Il coraggio – e un po’ di pazzia e di arroganza – è anche ravvisabile dalla linea editoriale e dalla libertà di scrittura del sito, fin dalle prime settimane. Ricordo – e posso facilmente rintracciarli nella preziosa cartella “Grantland” dei preferiti – reportage di 17.000 battute su un doppio concerto di Nickleback e Creed, sotto il titolo di ” A Night With the World’s Most Hated Bands”; un longform molto, molto lungo su Erik Spoelstra e il basket nelle Filippine; la storia di Luís Suarez raccontata come se fosse una parabola biblica (e inizia così, ed è una delle migliori storie di Luís Suarez mai scritte: «At the beginning of time, Luis Suarez bit God, and God was like, “ouch,” and God’s “ouch” became the universe. And God convened a three-person disciplinary committee to review the incident. And Luis Suarez said unto the disciplinary committee that he would accept a 1-million-year ban, but 10 million years seemed like overkill just for accidentally creating the universe»); uno straordinario racconto interattivo, firmato Brian Phillips, da una delle più dure corse di cani da slitta attraverso l’Alaska; il miglior ricordo di Robin Williams; un’analisi, attraverso le storie di Terry Richardson, American Apparel e Vice Magazine, del maschilismo negli anni Zero; l’articolo che leggo ogni volta in cui mi dico che non dovrei occuparmi così tanto di sport, firmato Bill Simmons; una folle, inventata, lunghissima e super-divertente email di Guardiola a Xavi, all’indomani della vittoria complessiva del Bayern sul Barcellona per 7-0, in cui si parla di un sarto greco centenario, delle guardie di Buckingham Palace, di Arsène Wenger, dei burrito, di Iron Man 3, e certamente della semifinale di Champions League.
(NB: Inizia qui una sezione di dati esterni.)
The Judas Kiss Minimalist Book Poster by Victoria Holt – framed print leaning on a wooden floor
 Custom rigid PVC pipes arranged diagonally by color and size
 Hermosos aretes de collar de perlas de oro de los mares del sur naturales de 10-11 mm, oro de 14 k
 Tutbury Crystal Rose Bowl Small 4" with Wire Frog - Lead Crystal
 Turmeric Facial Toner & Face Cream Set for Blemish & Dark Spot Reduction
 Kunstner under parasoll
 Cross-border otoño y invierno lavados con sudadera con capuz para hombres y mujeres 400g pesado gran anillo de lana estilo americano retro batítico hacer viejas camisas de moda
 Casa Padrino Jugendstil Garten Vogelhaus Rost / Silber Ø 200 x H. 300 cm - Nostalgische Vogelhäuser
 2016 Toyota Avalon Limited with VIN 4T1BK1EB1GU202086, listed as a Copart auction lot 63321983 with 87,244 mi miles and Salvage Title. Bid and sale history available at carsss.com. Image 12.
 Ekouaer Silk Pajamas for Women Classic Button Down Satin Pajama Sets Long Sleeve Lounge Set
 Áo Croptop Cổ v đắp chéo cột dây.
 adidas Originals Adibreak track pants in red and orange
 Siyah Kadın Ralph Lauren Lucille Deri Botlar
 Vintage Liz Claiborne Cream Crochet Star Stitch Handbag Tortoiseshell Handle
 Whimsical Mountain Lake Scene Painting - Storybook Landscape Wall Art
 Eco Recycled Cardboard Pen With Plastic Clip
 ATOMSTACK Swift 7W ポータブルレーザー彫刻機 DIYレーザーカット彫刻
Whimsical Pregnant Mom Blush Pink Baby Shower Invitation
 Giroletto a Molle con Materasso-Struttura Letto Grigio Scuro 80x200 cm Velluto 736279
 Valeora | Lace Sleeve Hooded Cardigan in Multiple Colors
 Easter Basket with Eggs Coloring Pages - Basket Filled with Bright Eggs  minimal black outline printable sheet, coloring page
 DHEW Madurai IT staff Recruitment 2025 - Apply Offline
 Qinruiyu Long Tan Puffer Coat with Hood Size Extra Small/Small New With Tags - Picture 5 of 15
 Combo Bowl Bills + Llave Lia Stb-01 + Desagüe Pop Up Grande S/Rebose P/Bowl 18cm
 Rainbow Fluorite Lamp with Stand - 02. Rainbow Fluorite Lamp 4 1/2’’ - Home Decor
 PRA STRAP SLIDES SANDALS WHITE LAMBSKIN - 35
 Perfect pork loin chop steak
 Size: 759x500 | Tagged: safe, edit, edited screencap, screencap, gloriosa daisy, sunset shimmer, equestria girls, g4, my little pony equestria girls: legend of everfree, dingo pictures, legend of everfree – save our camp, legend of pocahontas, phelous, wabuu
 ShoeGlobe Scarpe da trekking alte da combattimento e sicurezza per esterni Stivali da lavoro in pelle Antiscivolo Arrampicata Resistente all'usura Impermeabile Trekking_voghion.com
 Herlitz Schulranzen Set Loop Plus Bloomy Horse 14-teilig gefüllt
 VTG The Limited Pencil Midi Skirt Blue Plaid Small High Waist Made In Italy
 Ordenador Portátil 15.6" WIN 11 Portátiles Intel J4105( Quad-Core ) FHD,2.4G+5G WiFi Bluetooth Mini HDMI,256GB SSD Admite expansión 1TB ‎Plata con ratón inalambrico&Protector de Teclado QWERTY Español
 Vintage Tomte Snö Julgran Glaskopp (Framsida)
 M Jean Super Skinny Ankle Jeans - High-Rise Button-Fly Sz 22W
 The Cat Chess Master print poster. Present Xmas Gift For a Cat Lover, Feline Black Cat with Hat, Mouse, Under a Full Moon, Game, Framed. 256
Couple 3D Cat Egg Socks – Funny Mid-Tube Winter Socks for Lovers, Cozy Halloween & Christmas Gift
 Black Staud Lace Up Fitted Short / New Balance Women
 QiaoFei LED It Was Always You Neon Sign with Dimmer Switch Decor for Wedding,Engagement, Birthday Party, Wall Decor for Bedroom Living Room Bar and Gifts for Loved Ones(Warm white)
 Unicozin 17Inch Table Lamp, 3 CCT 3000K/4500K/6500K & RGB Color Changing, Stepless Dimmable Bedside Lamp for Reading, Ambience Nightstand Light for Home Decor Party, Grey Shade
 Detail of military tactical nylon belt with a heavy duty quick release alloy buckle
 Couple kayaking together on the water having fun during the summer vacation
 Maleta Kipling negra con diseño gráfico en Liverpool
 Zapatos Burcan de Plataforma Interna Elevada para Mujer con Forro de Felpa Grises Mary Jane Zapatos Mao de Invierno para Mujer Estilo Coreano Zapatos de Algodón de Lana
Grantland ha toccato vette di Pura Scrittura come quasi nessun’altra testata ha mai fatto
Mentre scrivo queste righe sto sorridendo, perché ho appena ri-aperto e in parte ri-letto tutti questi articoli di Grantland che ho appena citato, per inserire i link nella pagina in cui sto scrivendo, appunto, queste righe. E certamente anche questa è una delle eredità più potenti di Grantland: farmi ridere mentre leggo per la decima volta di Guardiola che scrive a Xavi «as you know, Xavi, I will begin to coach FC Bayern Munich next season. I have already commissioned several sober but slim-fitting new suits to wear on the sideline as I manage the club that has upstaged and humiliated you. And since time has blown us to this juncture from the golden flower we once shared, I thought we might exchange a word before the breeze takes us up once more».
Quello che ha fatto Grantland in questi quattro anni – nonché, probabilmente, il motivo per cui ha chiuso – è stata un’impresa folle, sconsiderata e bellissima. Se posso permettermi di aggiungerci un po’ di epica, Grantland ha toccato vette di Pura Scrittura come quasi nessun’altra testata ha mai fatto. Ha indicato una strada da seguire che nessuno, oggi, è in grado di seguire interamente, probabilmente non lo sarà nemmeno il segretissimo-futuro-progetto-di-Bill-Simmons-a-HBO. Di certo ha fissato un canone che possiamo seguire come una cometa: immagino di non essere l’unico che, mentre cerca una forma per scrivere una frase, pensa «se fosse su Grantland, come sarebbe?». Più importante ancora della chiusura di Grantland c’è la condizione stessa alla base della sua chiusura: il fatto che Grantland è esistito. E che il suo archivio continuerà a esistere. E che può ancora fare molto. Oggi, ad esempio, ero piuttosto di cattivo umore quando ho iniziato a scrivere questo articolo. Ora non lo sono più.